● Given records
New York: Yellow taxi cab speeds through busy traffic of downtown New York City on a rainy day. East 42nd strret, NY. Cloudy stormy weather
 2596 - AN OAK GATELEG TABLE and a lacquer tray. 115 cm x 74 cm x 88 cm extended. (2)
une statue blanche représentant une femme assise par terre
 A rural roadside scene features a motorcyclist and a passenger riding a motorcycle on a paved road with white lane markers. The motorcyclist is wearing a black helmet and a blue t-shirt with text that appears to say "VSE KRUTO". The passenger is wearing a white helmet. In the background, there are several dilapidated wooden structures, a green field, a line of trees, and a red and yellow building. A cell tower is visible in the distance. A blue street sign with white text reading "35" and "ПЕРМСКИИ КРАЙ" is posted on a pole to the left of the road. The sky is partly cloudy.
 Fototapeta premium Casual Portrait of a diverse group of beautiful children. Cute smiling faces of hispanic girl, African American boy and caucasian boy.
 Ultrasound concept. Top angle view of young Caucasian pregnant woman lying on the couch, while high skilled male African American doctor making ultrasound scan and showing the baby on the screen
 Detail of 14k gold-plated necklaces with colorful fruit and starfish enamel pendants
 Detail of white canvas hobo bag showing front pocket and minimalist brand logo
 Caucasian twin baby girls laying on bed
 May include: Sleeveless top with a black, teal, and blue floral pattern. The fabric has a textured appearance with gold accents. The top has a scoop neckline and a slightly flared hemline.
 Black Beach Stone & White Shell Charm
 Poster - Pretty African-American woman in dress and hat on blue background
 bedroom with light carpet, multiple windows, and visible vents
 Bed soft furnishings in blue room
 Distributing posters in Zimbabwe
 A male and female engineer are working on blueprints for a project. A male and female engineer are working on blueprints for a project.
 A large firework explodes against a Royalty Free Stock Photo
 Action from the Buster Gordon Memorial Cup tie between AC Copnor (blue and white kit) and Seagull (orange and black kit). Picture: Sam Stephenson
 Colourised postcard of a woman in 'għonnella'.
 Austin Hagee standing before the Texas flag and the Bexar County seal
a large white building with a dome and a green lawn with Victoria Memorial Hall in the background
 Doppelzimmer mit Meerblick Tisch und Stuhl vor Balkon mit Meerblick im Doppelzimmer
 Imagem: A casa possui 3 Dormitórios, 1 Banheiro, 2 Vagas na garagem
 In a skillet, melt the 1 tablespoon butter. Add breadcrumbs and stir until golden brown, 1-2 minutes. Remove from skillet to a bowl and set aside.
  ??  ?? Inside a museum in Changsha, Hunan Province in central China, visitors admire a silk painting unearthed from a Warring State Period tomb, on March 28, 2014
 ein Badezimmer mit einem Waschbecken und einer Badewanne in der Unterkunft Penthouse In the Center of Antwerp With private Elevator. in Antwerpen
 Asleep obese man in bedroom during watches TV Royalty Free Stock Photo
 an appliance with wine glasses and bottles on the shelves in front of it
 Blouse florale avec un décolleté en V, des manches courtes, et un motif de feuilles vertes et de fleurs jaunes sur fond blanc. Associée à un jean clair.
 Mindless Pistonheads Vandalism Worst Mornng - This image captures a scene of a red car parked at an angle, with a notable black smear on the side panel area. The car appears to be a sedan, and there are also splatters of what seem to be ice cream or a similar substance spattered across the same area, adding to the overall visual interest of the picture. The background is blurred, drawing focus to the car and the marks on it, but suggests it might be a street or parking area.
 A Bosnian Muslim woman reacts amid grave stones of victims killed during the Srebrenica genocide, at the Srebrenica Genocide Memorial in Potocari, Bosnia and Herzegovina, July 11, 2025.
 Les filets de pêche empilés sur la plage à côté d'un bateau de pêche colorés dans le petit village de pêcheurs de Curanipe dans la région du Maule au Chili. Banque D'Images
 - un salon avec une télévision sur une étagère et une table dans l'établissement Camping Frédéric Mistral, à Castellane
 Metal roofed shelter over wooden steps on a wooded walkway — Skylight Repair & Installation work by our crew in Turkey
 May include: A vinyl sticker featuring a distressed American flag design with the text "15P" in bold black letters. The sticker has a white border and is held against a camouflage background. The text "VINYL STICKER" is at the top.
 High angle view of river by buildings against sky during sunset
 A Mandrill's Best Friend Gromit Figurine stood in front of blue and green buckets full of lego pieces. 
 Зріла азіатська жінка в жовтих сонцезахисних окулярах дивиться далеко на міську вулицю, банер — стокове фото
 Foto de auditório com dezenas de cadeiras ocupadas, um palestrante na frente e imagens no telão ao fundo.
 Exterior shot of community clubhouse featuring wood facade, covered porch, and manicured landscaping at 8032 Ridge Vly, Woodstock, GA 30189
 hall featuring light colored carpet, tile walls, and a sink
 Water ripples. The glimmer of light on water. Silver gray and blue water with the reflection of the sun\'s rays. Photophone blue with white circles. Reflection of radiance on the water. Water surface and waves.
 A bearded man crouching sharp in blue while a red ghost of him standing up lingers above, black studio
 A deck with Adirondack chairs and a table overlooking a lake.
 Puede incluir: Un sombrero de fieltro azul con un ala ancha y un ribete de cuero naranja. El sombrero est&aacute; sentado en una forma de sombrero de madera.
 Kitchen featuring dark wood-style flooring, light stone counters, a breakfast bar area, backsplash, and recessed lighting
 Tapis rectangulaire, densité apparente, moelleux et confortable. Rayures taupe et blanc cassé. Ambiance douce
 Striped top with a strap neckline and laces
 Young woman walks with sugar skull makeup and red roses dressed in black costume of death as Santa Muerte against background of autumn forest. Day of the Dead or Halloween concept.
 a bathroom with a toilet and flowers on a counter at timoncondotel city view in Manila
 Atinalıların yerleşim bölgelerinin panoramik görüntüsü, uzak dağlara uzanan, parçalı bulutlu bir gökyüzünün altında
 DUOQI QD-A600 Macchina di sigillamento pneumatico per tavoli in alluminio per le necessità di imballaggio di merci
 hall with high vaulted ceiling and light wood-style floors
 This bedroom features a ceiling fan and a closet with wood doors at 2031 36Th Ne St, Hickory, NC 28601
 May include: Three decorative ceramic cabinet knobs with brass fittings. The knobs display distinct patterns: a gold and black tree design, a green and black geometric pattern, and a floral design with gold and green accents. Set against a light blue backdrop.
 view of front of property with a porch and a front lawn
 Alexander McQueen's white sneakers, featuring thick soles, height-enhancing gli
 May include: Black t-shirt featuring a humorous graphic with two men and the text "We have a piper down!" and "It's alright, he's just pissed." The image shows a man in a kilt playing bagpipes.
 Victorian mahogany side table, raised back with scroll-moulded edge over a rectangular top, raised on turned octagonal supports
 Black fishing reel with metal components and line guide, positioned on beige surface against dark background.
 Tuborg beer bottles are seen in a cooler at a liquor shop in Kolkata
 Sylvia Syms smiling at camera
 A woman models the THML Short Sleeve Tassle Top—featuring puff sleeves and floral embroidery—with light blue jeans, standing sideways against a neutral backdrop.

● Description of the task
Take every line above where "background" appears and copy it.

● Answer for the task
 A rural roadside scene features a motorcyclist and a passenger riding a motorcycle on a paved road with white lane markers. The motorcyclist is wearing a black helmet and a blue t-shirt with text that appears to say "VSE KRUTO". The passenger is wearing a white helmet. In the background, there are several dilapidated wooden structures, a green field, a line of trees, and a red and yellow building. A cell tower is visible in the distance. A blue street sign with white text reading "35" and "ПЕРМСКИИ КРАЙ" is posted on a pole to the left of the road. The sky is partly cloudy.
 Poster - Pretty African-American woman in dress and hat on blue background
a large white building with a dome and a green lawn with Victoria Memorial Hall in the background
 Mindless Pistonheads Vandalism Worst Mornng - This image captures a scene of a red car parked at an angle, with a notable black smear on the side panel area. The car appears to be a sedan, and there are also splatters of what seem to be ice cream or a similar substance spattered across the same area, adding to the overall visual interest of the picture. The background is blurred, drawing focus to the car and the marks on it, but suggests it might be a street or parking area.
 May include: A vinyl sticker featuring a distressed American flag design with the text "15P" in bold black letters. The sticker has a white border and is held against a camouflage background. The text "VINYL STICKER" is at the top.
 Young woman walks with sugar skull makeup and red roses dressed in black costume of death as Santa Muerte against background of autumn forest. Day of the Dead or Halloween concept.
 Black fishing reel with metal components and line guide, positioned on beige surface against dark background.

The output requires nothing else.